D’abord un Africain. Origine qui suffit – hélas – à lui attirer les inimitiés des Européens et Latino-Américains, lesquels ont tendance à se considérer comme les gardiens du temple footballistique. Ensuite, un Africain peu aimé sur son continent, où on lui colle l’étiquette de carriériste indécrottable: né de sang royal, président de l’Association camerounaise à 26 ans, puis de la Confédération africaine (CAF) dès 1988, vice-président de la FIFA, membre du Comité international olympique, ascension linéaire pendant que ses deux frères gravitent autour du gouvernement de leur pays, en voilà assez pour que le tiers-monde choisisse de ne pas lui accorder sa confiance. De surcroît, Hayatou s’est lancé dans la course dépourvu de véritable programme novateur. Dans les coulisses séouliennes, certains de ses congénères qualifiaient son bilan de «nul et dictatorial» à la direction de la CAF. A part sa volonté d’instaurer la «transparence», slogan commode mais aux contours vagues, il a commis l’erreur de psalmodier la nécessité d’économies, notamment en réduisant la fréquence des congrès à un rythme biennal au lieu d’annuel. Quatre cent cinquante dollars de perdus pour chaque délégué… on en revient à la case départ.
Hayatou a eu beau s’entourer de deux conseillers spécialisés en relations publiques (Patrick Amory) et en médias (Pierre Sled, de France Télévision), ces derniers n’ont réussi qu’à prôner la stratégie de l’ectoplasme – pendant que Blatter rayonnait sous les projecteurs – et à lui mitonner un discours électoral d’une platitude affligeante. Difficile de paraître plus diaphane lorsqu’on se présente contre une «bête de scène».

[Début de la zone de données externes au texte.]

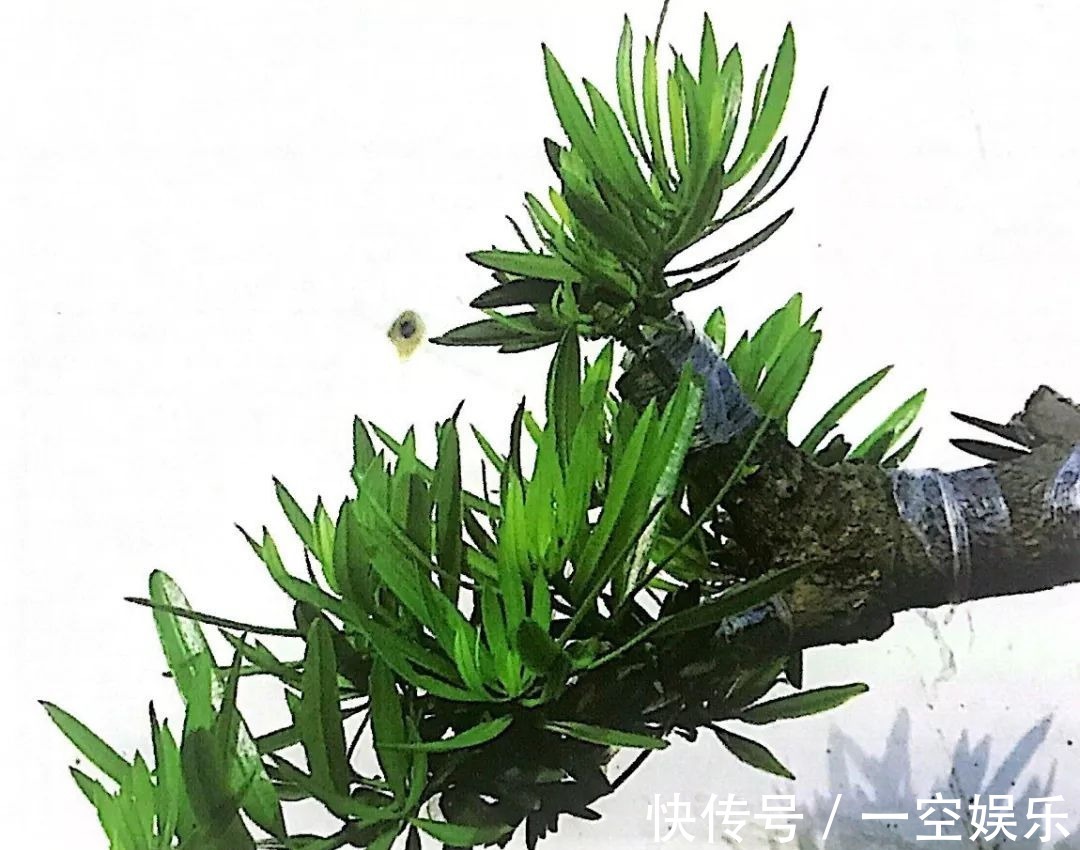 台友们|罗汉松芽接案例分享,台长教你玩出别出心裁的岭南盆景!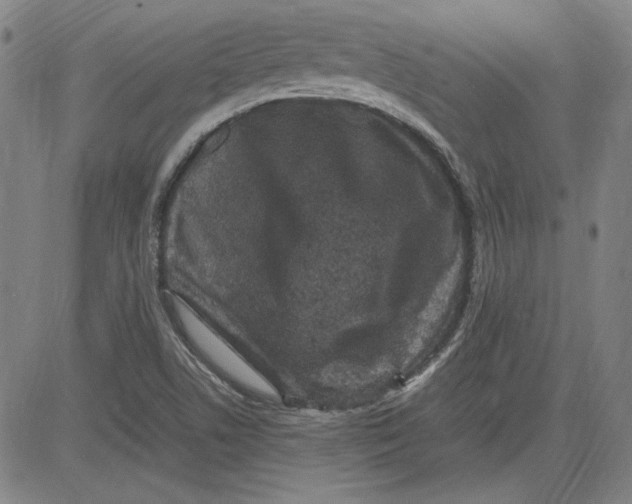 X0000080811506200701051137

A propos de chiffres, il faut également relever que, hier encore, David Will, le président écossais de la commission d’audit interne muselée le 11 avril sur ordre de Sepp Blatter, a répété devant le plénum que les comptes 1999/2001 avaient été «enjolivés»; que les réserves de la FIFA se situent à moins 536 millions de francs, dès lors qu’on ne saurait inscrire parmi les actifs les 690 millions déjà «empruntés» sur les recettes supputées du Mondial 2006; que les trois prochains exercices annuels allaient se solder par des déficits importants, renégociation des droits TV à la baisse et dette cumulée en guise d’explication plausible, rien n’y fit. Pas davantage que les divers «paiements sans autorisation et en dehors de tout contrôle» dénoncés par Michel Zen-Ruffinen. L’assemblée a donc approuvé par acclamation les comptes 1999/2001 – sous réserve des conclusions de l’audit qui devrait reprendre après le Mondial –, ainsi que le budget 2003. Pour ces gens-là, seul compte l’argent que la FIFA peut leur allouer tant qu’elle en a, fût-ce au prix d’artifices fiduciaires. Et si elle doit un jour subir les affres de la cessation de paiement, ils trouveront encore moyen de critiquer sa gestion désastreuse.